The next step entails looking at future job potential factors, Albert said. These include employee-career interests, acquisition of specific job experiences and development of new skills. Finally, in order to guide pay decisions, companies consider non-performance data, including current pay levels compared to the market, previous pay increases and perceived retention risk.
"What's key to remember is that in addition to employee performance, other things influence compensation," Albert said via email. "While performance evaluations should influence pay decisions, they shouldn't determine them."
Know what competitors pay.
Even if a company's pay is competitive, it will have trouble attracting and retaining talent if its competitors are willing to pay more. By keeping an eye on how well competitors pay their staff, employers can determine whether or not they themselves need to start paying their team more.

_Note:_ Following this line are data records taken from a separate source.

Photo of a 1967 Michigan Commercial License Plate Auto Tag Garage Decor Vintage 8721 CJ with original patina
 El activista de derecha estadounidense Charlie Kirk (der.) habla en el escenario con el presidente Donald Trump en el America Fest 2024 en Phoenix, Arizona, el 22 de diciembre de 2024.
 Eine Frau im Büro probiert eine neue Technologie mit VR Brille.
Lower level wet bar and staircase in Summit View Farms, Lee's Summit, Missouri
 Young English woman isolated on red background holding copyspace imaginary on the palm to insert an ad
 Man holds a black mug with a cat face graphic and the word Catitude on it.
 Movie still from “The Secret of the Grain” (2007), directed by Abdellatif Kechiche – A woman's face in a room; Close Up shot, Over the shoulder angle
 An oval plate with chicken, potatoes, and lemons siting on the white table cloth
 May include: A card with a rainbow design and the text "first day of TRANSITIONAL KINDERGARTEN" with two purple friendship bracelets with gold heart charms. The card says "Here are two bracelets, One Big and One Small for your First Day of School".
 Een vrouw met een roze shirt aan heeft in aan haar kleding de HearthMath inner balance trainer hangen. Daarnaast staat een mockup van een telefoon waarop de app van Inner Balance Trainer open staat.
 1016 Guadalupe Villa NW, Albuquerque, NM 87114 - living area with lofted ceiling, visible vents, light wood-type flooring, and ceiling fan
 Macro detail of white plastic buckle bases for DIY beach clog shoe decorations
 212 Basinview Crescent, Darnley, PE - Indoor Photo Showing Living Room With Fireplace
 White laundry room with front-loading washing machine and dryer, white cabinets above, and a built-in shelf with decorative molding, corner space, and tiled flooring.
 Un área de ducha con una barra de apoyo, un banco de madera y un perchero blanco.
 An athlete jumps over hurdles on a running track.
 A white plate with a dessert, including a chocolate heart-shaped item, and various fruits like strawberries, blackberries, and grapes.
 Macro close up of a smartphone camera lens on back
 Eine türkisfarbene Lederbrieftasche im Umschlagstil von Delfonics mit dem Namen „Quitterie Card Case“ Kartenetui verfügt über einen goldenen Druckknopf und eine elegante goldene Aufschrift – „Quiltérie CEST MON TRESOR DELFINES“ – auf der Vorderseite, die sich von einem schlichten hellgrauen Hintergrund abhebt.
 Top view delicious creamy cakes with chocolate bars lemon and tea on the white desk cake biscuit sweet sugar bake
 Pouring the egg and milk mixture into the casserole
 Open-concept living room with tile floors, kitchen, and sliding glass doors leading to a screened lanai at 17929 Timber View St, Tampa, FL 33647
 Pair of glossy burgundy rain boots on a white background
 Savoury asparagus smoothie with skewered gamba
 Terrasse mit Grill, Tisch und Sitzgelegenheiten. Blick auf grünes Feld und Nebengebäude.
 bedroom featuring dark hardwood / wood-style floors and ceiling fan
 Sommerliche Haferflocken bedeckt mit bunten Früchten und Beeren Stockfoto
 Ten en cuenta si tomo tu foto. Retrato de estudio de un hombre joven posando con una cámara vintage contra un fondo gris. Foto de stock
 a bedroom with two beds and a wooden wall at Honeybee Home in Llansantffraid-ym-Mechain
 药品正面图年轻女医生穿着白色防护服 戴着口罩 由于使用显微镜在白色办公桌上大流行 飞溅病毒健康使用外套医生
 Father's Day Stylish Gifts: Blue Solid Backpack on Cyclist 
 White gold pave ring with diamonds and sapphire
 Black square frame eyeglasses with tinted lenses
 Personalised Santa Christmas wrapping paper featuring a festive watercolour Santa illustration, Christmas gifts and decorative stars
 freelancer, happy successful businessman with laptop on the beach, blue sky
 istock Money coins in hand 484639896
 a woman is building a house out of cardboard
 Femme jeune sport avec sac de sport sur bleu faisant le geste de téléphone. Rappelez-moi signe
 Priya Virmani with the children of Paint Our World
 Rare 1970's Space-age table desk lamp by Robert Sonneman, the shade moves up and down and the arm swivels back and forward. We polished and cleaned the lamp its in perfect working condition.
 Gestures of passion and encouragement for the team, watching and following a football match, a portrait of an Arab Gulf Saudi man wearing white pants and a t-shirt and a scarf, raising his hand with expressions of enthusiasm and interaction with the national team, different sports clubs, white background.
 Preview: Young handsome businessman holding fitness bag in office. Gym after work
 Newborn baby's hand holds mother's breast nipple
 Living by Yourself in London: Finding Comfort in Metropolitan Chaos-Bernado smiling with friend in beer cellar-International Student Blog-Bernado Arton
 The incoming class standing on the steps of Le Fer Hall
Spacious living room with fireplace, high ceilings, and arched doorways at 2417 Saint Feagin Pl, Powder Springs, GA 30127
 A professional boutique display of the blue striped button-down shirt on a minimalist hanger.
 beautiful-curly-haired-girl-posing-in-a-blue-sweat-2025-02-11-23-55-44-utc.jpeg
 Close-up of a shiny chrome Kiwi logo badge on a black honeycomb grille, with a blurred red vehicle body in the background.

As the vice president of human resources at Segment, an analytics API and customer-data platform in San Francisco, Adriana Roche said she saw the importance of understanding competition. "We were looking at an employee and at the market data," Roche said via email. "We saw that they were within the band, but when we tried to hire their peers from companies we admired, we saw a need to increase those bands.
"It wasn't fair to hire someone off the street at a higher band and not give our current employee an adjustment."
Offer other forms of compensation.
Money isn't the only thing that can show employees their work is valued. Amit Yoran, CEO of Tenable, a cyber risk-management company in Columbia, Md., put it simply: Compensation comes in many flavors.
"It's not just salary, 401(k), medical/dental and equity," he said in an email. "All of those things are great, but they're table stakes. In the modern business environment, where technology and best practices evolve at crazy-fast speeds, you need to invest in continuing education for your people."
Along these lines, his company provides a professional development program to its entire staff. Employees have the ability to select seminars, conferences and certifications that will help them continue to move their careers forward. "This program is above and beyond the standard tuition reimbursement program," Yoran explained.
So, implement continuing education at your company. And don't forget to include benefits and opportunities that employees find valuable. They will help flesh out your company's total compensation package.
Help employees set goals.
Employees thrive when they earn recognition for their work. Platforms like FlexAwards help employers personalize digital recognitions and rewards in an instant, so employees feel noticed right away.
The problem is knowing which employees are most deserving of rewards like raises and bonuses, and why. This is where goals come in.
Goals play a crucial role in the employer-employee relationship. If everyone is on the same page about what goals an employee is working toward, it's very clear what "going above and beyond" looks like.
Fred Stevens-Smith, CEO of Rainforest, a QA testing service for web and mobile applications in San Francisco, said his company highlights the value of goal setting. "With regards to the role, it's absolutely crucial that every single employee at your company have a professional goal to hit that's attainable within the next 12 to 18 months," Stevens-Smith said via email.
Related: How to Incorporate This One Employee Perk to Improve Your Business
"Whether that goal is framed in terms of a particular title or for responsibilities or performance, having a clearly defined and mutually agreed upon goal is key," he wrote. "From there, it's a matter of coaching the employee toward the goal and rewarding them with the title or responsibilities when they hit the goal."
So, the overall goal, then, becomes simple: When employers help lay out objectives, the only thing employees have to do is focus on achieving them.